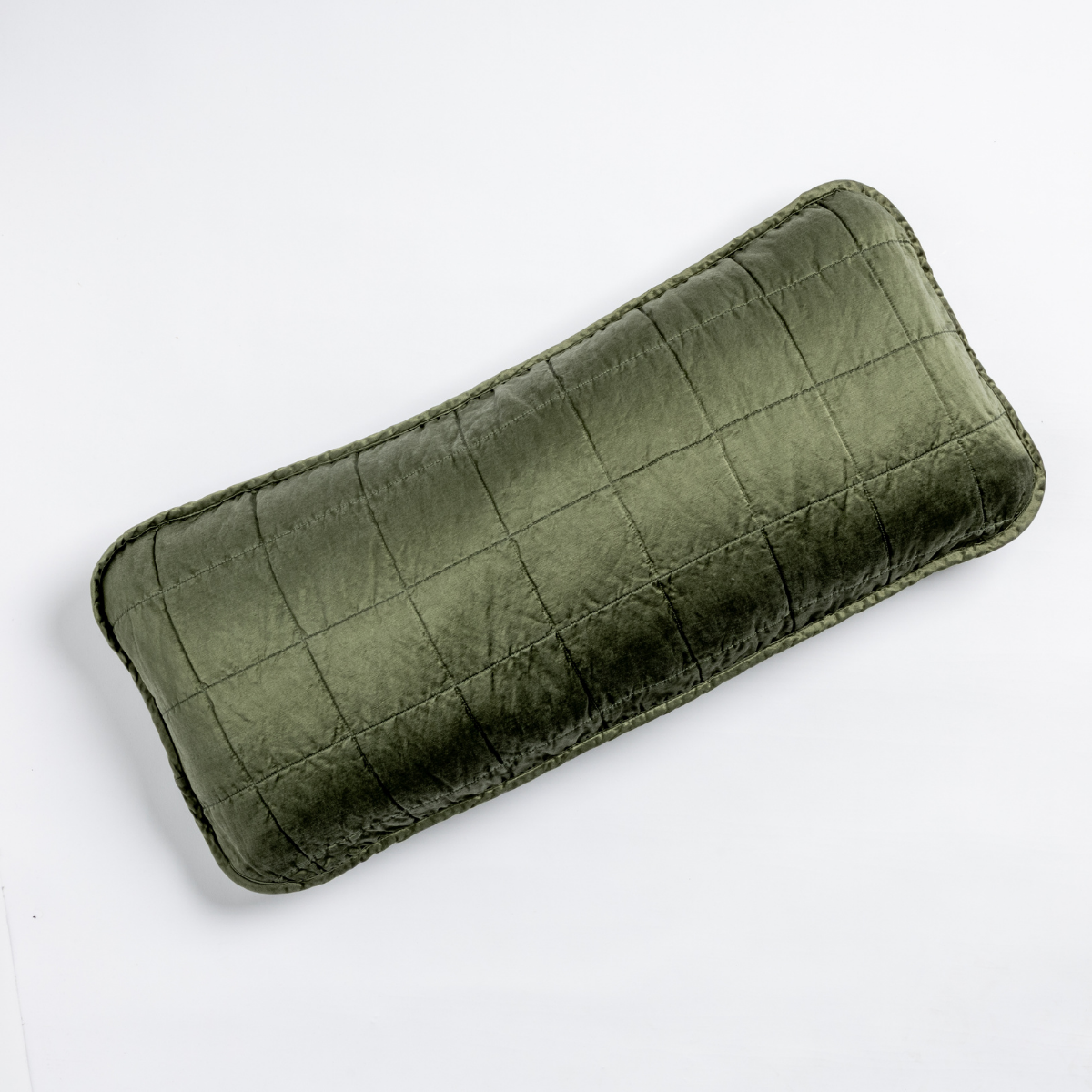 Juniper velvet lumbar throw pillow with quilted grid stitching, angled top view.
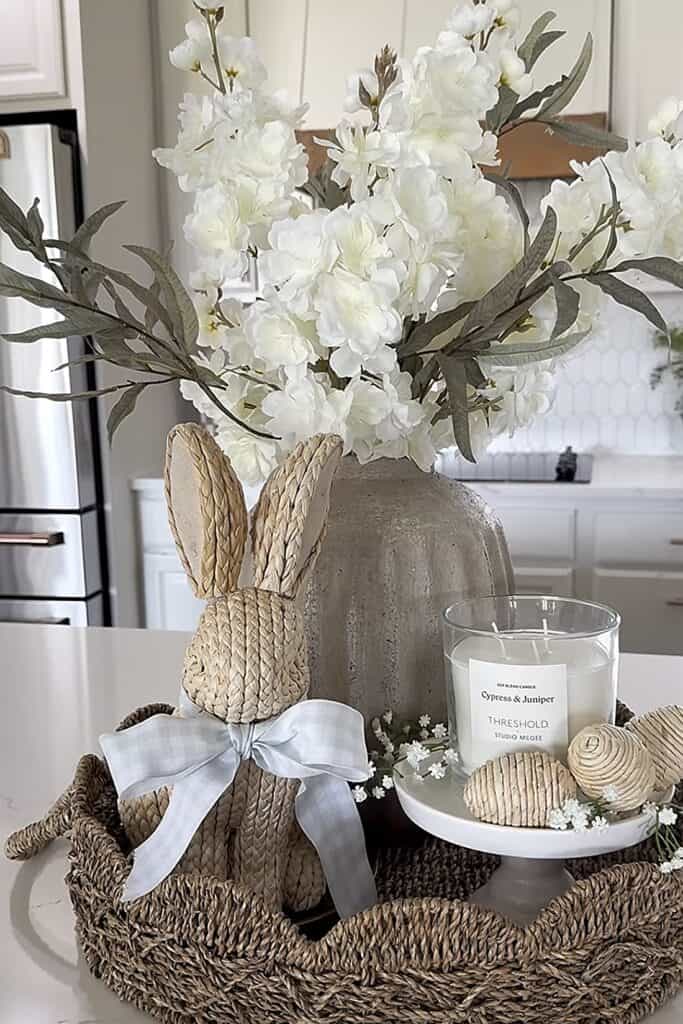 Elegant white floral arrangement with decorative Easter bunny and candles for spring decor.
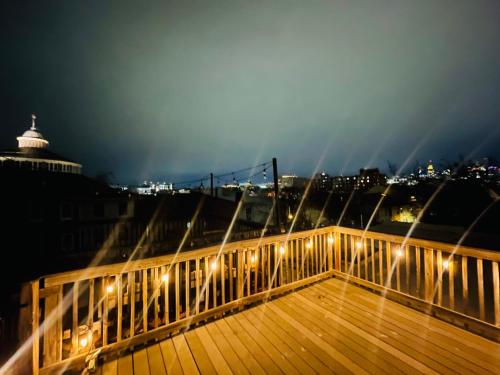巴尔的摩Cozy home with rooftop deck-downtown baltimore的木板路,晚上有灯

# GOAL OF THE EXERCISE
Leave the pictures out and output all of the data verbatim.

# FINAL ANSWER
 Juniper velvet lumbar throw pillow with quilted grid stitching, angled top view.
 Elegant white floral arrangement with decorative Easter bunny and candles for spring decor.
巴尔的摩Cozy home with rooftop deck-downtown baltimore的木板路,晚上有灯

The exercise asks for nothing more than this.